GraphQL Observability

Whenever we have a web application we’ll typically want to be able to observe it in production. Typically common questions will be:

Eagle eyed readers will notice all of these quetsions are about endpoints or routes. Most Application Performance Monotiring (APM) products will have a built in knowledge of HTTP and easily be able to show this to you. New Relic which I’ll use for the rest of my examples even has an understanding of MVC built in and will classify transactions (requests) using their controller and action names rather than just the url.

What about GraphQL?

The way a GraphQL server works is that all queries and mutations are POST’s to the same url (typically something like /graphql) which means you get something like the following in New Relic.

New Relic without operations

Now this data won’t let you answer any of those three questions, and in fact GraphQL comes with even more nuance if you’re running a public GraphQL API which we can discuss another time.

Adding Observability

The Hot Chocolate has the concept of a DiagnosticEventListener, what we’ll do is create our own NewRelicDiagnosticEventListener to append some extra information to the current transaction to make it more useful.

The DiagnosticEventListener class has a number of methods you can override depending on what you care about in terms of your diagnostics. For this exacmple we care about ExecuteRequest.
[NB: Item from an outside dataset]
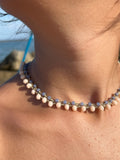 Girocollo Gemini in cristalli e perline Toho: collana artigianale boho, leggera e versatile. Perfetta da sola o in layering.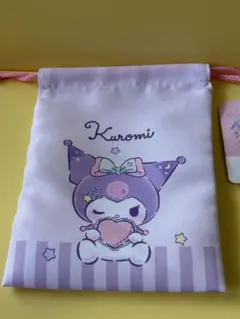 入園入学準備　サンリオ クロミ 巾着袋 ミニ巾着 パープル キャラクターグッズ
public class NewRelicDiagnosticEventListener : DiagnosticEventListener
{
    public override IActivityScope ExecuteRequest(IRequestContext context)
    {
        // implementation goes here
    }
}

Now the API pattern for the DiagnosticEventListener is an intersting one that I’d never come across before and it’s worth a bit of explanation. Typeically for these diagnostic API’s we’ll need a hook for the start of a request as well one at the end as sometimes you’ll want to set up things at the start of the requuest and then collect / use them at the end. This can make a hefty API surface if for every “event” there would need to be two hooks. The Hot Chocolate developers resolved this by introducing IActivityScope which is simply a rename of IDisposable.

public interface IActivityScope : IDisposable
{

}

The idea is the framework will call ExecuteRequest at the start of the request. We’ll then request an IActivityScope that will be disposed by the framework at the end of the request.

For our example we’ll want to do changes to the New Relic transaction at the end of the request because we’ll want to use information parsed from the request body.

Here’s our final version, it returns a custom RequestActvityScope that on disposale will set the name of the current transaction in New Relic to be the incoming operation name.

public class NewRelicDiagnosticEventListener : DiagnosticEventListener
{
    public override IActivityScope ExecuteRequest(IRequestContext context)
    {
        return new RequestActvityScope(context);
    }

    private class RequestActvityScope : IActivityScope
    {
        private readonly IRequestContext context;
        private bool _isDisposed;

        public RequestActvityScope(IRequestContext context)
        {
            this.context = context;
        }

        public void Dispose()
        {
            if (_isDisposed)
                return;

            NewRelic.Api.Agent.NewRelic.SetTransactionName("GraphQL", context.Operation?.Name?.Value ?? "unknown");

            _isDisposed = true;
        }
    }
}

We can then use it with our setup code

services.AddGraphQLServer()
    .AddDiagnosticEventListener<NewRelicDiagnosticEventListener>()
    .AddQueryType<Query>();

Now we’ll see something more useful in New Relic, all our traffic previously grouped up in /graphql has been broken apart into the different operations our front end code is making which makes it a lot easier to answer the questions from the start of the post.

New Relic with operations

Conclusion

Out of the box most APM tools will do a poor job of observability into GraphQL operations due to how HTTP is used. We need to do more work on our server to assist the APM to enable us as developers to support our GraphQL API’s in production.